The data (Bondora's loan book) can be download from: https://www.bondora.com/marketing/media/LoanData.zip

In [None]:
import matplotlib
import numpy as np
import matplotlib.pyplot as plt
import pandas as pd
%matplotlib inline

import warnings
warnings.filterwarnings("ignore", category=np.VisibleDeprecationWarning)
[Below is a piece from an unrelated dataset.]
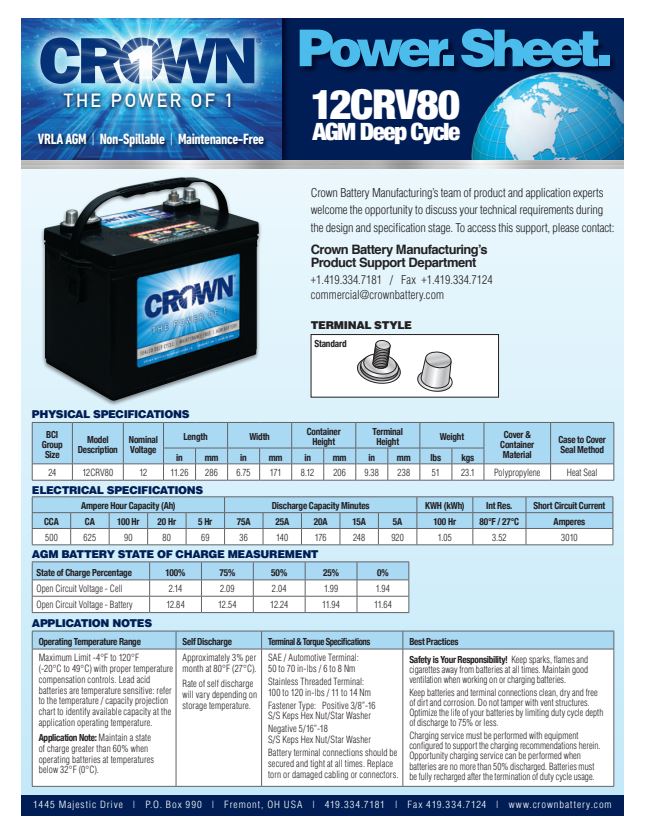 Crown 12CRV80 AGM battery 12V 80Ah deep cycle battery for RV and solar systems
pd.options.display.max_rows = 125

In [None]:
import seaborn as sns
sns.set(color_codes=True)
sns.set(rc={"figure.figsize": (16, 4)})

In [None]:
loandata = pd.read_csv("data/loandata.csv", low_memory=False)

In [None]:
loandata.shape

### Number of loans per year

In [None]:
loandata['year'] = pd.to_datetime(loandata['ListedOnUTC']).dt.year

In [None]:
countByYear = loandata.groupby('year').size()

In [None]:
sns.barplot(x=countByYear.index,y=countByYear)

The number of loans pear year seems to be increasing since 2012.
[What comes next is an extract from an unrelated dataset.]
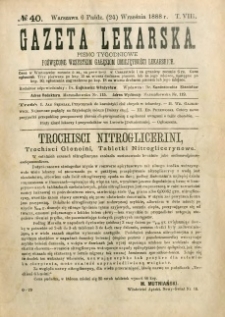 Gazeta Lekarska 1888 R.23, t.8, nr 40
### Average salary per year and country

In [None]:
t = loandata[['year', 'IncomeTotal', 'Country']]

In [None]:
t[(t['year'] > 2010) & (t['year'] < 2017)].groupby(['year', 'Country']).mean().unstack(1).plot(kind='bar', figsize=(16, 4))

Salaries seem to increase every year since 2011.
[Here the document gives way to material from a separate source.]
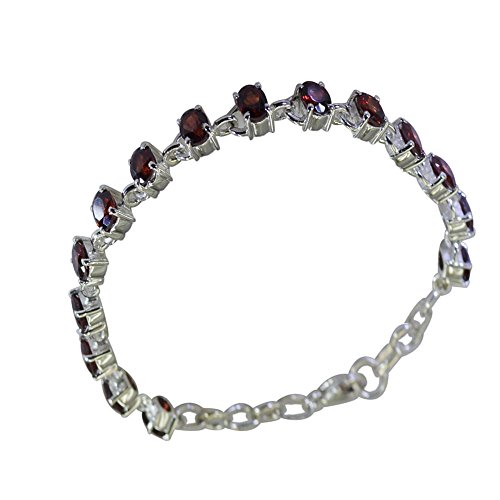 Bracelet en grenat véritable et argent pour femme éclat pierre de naissance de janvier haut de gamme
### Distribution of loan amount

In [None]:
sns.distplot(loandata['Amount'].astype(int), bins=50)

### Comparison of loan duration and loan amount

In [None]:
pd.options.mode.chained_assignment = None  # default='warn'
t = loandata[['Amount', 'LoanDuration']]
t['LoanDuration'] = t['LoanDuration'] // 12 * 12

In [None]:
grid = sns.boxplot(x="LoanDuration", y="Amount", data=t)

The longer the loan duration the higher the loan amount.

### Number of dependants vs age

In [None]:
p = loandata[['Age', 'NrOfDependants']]
p['DepNum'] = pd.to_numeric(loandata.NrOfDependants, errors='coerce')
p = p.dropna().astype(int)

In [None]:
grid = sns.lmplot(x="Age", y="NrOfDependants", data=p, fit_reg=False, size=6, aspect=3)

Number of decendants peaks around 40-45 years of age.

### Number of loans listed per year month

In [None]:
loandata['yearmonth'] = pd.to_datetime(loandata['ListedOnUTC']).dt.to_period('M')

In [None]:
loandata.groupby(['yearmonth', 'Country']).size().unstack(1).sort_index(ascending=True).fillna(0).plot(figsize=(16, 5))

## Summary

From the initial analysis we can see that the number of loans is definitely growing over time. This can be caused by a higher demand for loans or rise in popularity of Bondora. We can also see that, generally, the income of the borrowers increases over time. This is an expected behaviour as the countries, where Bondora operates, have seen an increase of average salary over the last years. There is also a visible linear dependency between the amount borrowed and loan duration -- the longer the loan the higher amount borrowed. On the other hand, we can see a non linear dependency between the age of the borrower and number of the dependants, gradually increasing from the age of 18, reaching peak between 40-45, and then gradually decreasing. Lastly, from the analysis of the loans listed per yearmonth, it is clearly visible, that Slovakian loans were listed only for a short period of time (mostly 2014) and since then borrowing from that country has been phased out.